* **Assigned task**: For every line below, output the text exactly and leave out images.
*** Exercise data ***
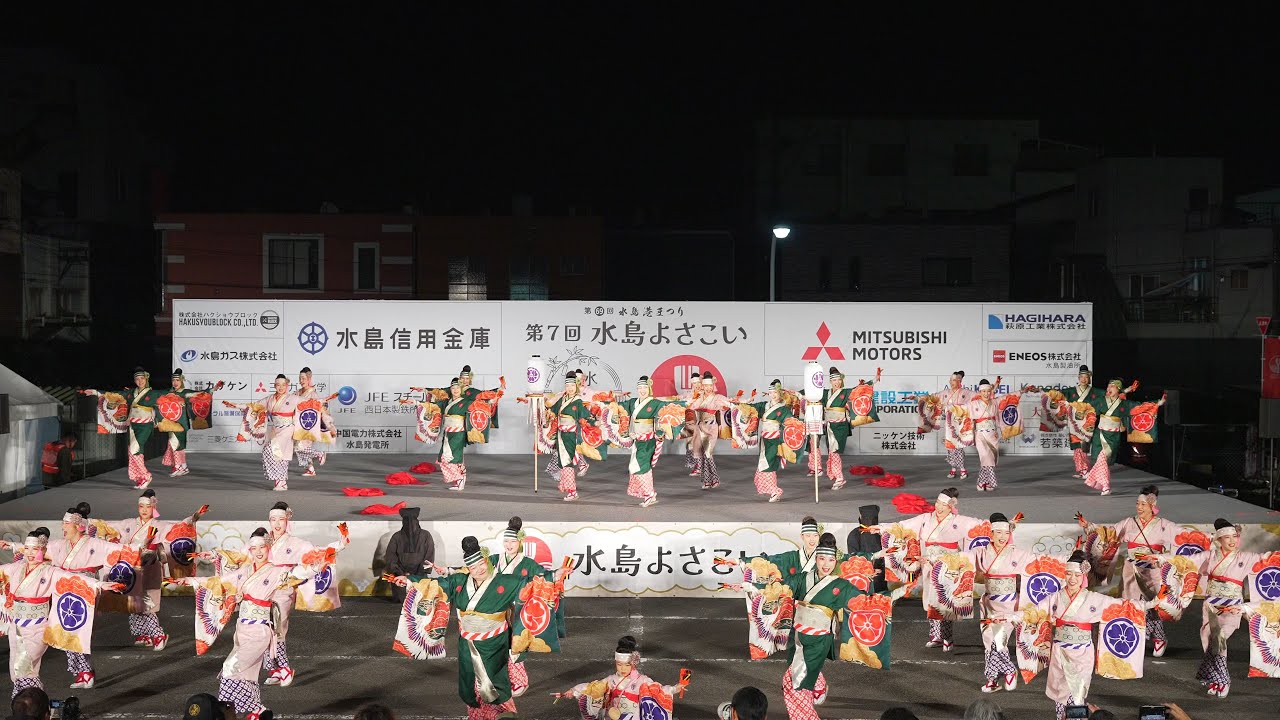 [4K] 濱長花神楽　第7回水島よさこい(水島港まつり) 2025  水島東栄町演舞場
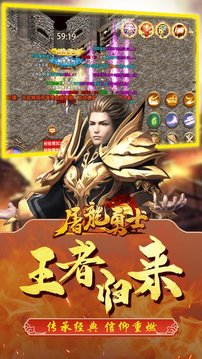屠龍勇士傳奇游戲截圖2
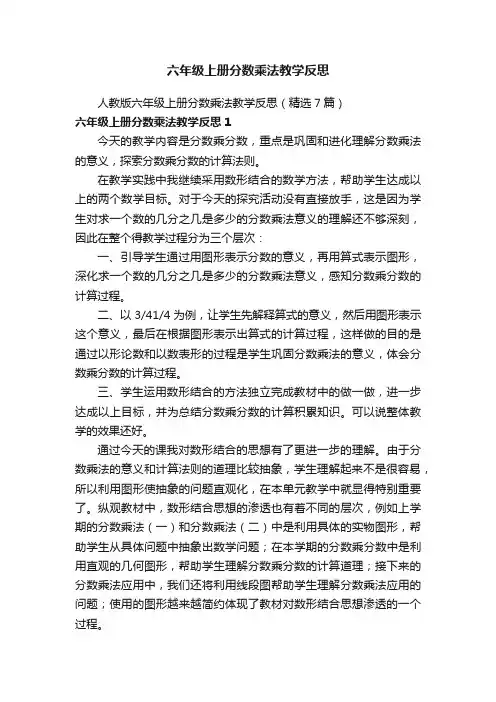 人教版六年级上册分数乘法教学反思（精选7篇）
*** End of Exercise data ***
* **Reply to the task**:
 [4K] 濱長花神楽　第7回水島よさこい(水島港まつり) 2025  水島東栄町演舞場
屠龍勇士傳奇游戲截圖2
 人教版六年级上册分数乘法教学反思（精选7篇）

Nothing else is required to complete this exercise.